Assim, cada um dos poderes patriarcais, inter-relacionados e conformados por corpos de homens, trabalha nessa missão femicida em que se assenta a grande época moderna que tanto os orgulha. Federici menciona os nomes de alguns dos “grandes homens” que argumentam a favor da matança: Bacon, Kepler, Galileu, Shakespeare, Pascal, Descartes.
Como tudo no patriarcado, os filósofos, escritores, cientistas, estadistas, juízes e intelectuais não são casos excepcionais e isolados – como se faz parecer nossa história de mulheres (Rich). Os “grandes homens” formam parte de uma tradição de pensamento; portanto, a justificativa misógina que eles sustentam conta com a cumplicidade de todos, porque a tradição consiste na legitimação de uns por outros mediante a citação textual, a conservação da linguagem dos “eleitos” e a configuração hierárquica das disciplinas. Lonzi cuspiu em Hegel; no entanto, é necessário cuspir em toda a tradição de pensamento patriarcal.

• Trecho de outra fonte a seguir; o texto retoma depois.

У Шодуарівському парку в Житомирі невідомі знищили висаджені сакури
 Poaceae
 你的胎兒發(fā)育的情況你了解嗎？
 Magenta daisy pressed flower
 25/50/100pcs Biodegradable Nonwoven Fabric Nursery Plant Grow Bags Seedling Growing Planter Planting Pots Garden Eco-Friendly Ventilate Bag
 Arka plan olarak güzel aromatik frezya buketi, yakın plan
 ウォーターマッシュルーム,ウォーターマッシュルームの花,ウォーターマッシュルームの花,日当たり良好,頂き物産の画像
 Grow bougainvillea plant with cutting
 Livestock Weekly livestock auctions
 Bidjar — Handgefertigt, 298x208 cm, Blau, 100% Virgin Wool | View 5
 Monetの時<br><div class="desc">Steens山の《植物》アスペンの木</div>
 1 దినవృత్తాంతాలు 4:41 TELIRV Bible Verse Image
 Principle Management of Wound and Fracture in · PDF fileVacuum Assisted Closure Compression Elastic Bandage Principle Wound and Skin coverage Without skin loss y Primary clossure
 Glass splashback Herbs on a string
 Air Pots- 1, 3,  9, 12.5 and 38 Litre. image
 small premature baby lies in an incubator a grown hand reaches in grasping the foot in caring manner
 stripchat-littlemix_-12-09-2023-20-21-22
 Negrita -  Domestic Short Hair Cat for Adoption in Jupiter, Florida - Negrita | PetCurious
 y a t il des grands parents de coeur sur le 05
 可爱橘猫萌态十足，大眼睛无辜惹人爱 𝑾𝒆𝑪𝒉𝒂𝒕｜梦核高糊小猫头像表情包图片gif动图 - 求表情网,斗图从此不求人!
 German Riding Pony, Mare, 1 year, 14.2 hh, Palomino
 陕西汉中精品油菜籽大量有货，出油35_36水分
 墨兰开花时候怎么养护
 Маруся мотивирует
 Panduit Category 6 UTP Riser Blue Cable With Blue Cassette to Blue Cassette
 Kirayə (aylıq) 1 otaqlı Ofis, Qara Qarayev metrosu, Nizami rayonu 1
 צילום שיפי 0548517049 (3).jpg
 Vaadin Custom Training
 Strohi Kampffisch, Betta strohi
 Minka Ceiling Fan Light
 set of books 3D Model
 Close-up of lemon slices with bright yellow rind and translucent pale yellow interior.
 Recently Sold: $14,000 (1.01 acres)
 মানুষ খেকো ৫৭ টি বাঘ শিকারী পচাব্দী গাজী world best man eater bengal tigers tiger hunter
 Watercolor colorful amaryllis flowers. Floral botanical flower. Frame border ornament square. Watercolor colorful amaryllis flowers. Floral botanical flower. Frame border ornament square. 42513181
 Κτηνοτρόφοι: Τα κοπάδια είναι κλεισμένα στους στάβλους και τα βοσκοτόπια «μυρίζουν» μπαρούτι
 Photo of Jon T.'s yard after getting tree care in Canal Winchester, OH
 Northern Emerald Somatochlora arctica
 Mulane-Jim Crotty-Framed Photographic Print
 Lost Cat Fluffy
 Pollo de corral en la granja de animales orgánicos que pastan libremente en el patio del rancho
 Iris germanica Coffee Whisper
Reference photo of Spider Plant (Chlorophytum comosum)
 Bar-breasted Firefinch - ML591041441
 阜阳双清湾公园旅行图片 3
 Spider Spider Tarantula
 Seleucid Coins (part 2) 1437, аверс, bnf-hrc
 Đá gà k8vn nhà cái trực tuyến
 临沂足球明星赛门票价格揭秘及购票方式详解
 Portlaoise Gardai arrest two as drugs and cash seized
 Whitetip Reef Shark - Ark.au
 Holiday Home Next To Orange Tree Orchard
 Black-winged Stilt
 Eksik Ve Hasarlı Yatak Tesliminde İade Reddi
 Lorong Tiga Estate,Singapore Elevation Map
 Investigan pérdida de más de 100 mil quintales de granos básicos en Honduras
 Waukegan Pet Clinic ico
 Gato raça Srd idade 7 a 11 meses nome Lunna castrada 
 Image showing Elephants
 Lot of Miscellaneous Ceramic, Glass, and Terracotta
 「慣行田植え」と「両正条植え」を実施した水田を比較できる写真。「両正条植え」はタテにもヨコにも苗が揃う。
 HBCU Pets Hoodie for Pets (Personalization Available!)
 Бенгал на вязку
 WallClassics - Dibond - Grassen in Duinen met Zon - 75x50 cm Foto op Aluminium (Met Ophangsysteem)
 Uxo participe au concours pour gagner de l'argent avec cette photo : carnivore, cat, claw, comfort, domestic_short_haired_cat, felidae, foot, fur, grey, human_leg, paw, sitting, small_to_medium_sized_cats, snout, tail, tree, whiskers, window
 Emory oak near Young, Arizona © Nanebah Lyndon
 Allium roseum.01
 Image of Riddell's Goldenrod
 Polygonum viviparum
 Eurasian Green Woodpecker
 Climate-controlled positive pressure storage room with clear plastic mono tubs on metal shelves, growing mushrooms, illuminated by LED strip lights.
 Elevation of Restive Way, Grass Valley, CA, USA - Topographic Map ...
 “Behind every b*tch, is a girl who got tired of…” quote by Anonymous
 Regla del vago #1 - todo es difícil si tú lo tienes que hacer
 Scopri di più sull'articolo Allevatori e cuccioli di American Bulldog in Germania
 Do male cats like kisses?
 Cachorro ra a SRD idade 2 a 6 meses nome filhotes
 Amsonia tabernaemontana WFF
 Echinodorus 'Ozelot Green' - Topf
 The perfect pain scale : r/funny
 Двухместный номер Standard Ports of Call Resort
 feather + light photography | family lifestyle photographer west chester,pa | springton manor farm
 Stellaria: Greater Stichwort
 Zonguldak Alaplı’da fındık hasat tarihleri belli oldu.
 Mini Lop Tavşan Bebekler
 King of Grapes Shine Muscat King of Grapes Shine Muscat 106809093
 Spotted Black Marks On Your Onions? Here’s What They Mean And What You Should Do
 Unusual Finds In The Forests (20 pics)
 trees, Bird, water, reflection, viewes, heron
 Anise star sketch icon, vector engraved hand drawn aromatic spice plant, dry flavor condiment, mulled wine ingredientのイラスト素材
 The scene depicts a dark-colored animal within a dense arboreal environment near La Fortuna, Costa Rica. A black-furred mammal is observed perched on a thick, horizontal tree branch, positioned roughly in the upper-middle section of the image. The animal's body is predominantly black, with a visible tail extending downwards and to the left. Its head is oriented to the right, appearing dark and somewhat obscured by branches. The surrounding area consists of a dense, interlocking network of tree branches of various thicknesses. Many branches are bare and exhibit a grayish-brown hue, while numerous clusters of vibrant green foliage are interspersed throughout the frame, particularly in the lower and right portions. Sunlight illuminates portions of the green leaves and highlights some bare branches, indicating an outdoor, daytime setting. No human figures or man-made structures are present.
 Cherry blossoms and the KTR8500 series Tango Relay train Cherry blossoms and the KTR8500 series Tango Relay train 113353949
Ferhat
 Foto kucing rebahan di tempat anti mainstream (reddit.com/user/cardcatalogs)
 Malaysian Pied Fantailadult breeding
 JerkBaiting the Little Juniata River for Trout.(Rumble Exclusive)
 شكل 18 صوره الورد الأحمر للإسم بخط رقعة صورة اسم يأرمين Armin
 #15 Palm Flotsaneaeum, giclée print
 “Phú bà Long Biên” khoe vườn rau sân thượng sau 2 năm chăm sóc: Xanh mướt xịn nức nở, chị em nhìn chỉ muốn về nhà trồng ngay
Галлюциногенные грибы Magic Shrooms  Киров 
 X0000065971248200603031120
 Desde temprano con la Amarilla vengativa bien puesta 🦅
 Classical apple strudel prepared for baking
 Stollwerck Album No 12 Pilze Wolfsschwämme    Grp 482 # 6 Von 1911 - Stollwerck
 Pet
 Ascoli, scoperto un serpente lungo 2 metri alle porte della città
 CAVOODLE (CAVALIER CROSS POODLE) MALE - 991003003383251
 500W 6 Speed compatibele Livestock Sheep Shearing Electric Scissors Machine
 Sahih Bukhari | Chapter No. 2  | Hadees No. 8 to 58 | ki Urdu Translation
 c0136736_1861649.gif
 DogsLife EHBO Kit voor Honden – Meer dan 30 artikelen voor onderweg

Ao Renascimento se segue o Século das Luzes, e encontramos os Homens como donos da Razão. Em 1789, mandaram para a guilhotina as revolucionárias que ousaram considerar-se seres políticas e pensantes. O diálogo entre estas e as bruxas foi cortado e não o herdamos. Mas herdamos todos os misóginos: Shakespeare continua sendo reproduzido nos teatros e no cinema. Os irmãos Grimm seguem vigentes em Walt Disney.
O método cartesiano continua sendo válido na filosofia e nas ciências. Marx analisa o capitalismo sem se pronunciar sobre a caça às bruxas levada a cabo para que este sistema econômico se consolidasse. Foucault estuda os séculos XVII, XVIII e XIX e mantém um silêncio ensurdecedor, diz Federici, sobre a queima de mulheres e sobre a câmara de tortura de onde os gritos de dor das mulheres vociferam um “discurso da sexualidade”. Desde outra frente patriarcal, Chomsky, legitimado pela ciência lingüística, inventa o Gerativismo e se inspira em Descartes, porque o sujeito lingüístico chomskiano é o sujeito cartesiano.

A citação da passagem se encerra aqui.